Era sábado. Los sábados eran, sin lugar a dudas, el día óptimo para ganarse un buen trozo de pan que llevarse a la boca: la plaza de Notre Dame siempre se llenaba de cientos de personas que buscaban hacer la compra de productos frescos, o sencillamente pasar el rato jugando a los dados y viendo algún espectáculo a la vez que les leían el futuro. Y aquel día no era menos: ¡había acudido más gente a la plaza que nunca!
Al lado oeste de la plaza se reunían todos los compradores en potencia, los cuales s eaproximaban a los establecimientos al aire libre para ver el pescado, juzgar la carne y probar el vino barato que hacían bien lejos aquellos sotisficados franceses.
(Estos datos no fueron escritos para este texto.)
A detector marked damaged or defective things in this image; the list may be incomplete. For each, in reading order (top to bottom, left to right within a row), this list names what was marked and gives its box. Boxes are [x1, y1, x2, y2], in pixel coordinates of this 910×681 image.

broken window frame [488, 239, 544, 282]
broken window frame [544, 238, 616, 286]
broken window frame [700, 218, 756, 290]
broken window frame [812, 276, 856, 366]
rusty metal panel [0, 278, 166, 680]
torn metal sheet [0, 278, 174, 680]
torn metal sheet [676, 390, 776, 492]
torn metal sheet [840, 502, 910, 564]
Al lado este era todo lo contrario. Había mesas libres, la gente jugando, y en una pequeña caseta un gitano jugaba con dos marionetas con las que entretener a los niños, esperando una pequeña recompensa económica al final de la actuación. Era sorprendente cómo la problemática de aquella raza por muchos rechazada había cambiado en aproximadamente un año: después de la quema de unos cuantos de ellos, el juez Frollo había detenido su persecución sobre ellos. Eso, claro, no disuadía a los gitanos de seguir burlándose de él en público.
Era hora de moverse y actuar. Tanto Simbad como Gédéon, si le había acompañado, debían ganarse el pan de aquel día. ¿Y cómo lo harían?
Eso dependía de ellos.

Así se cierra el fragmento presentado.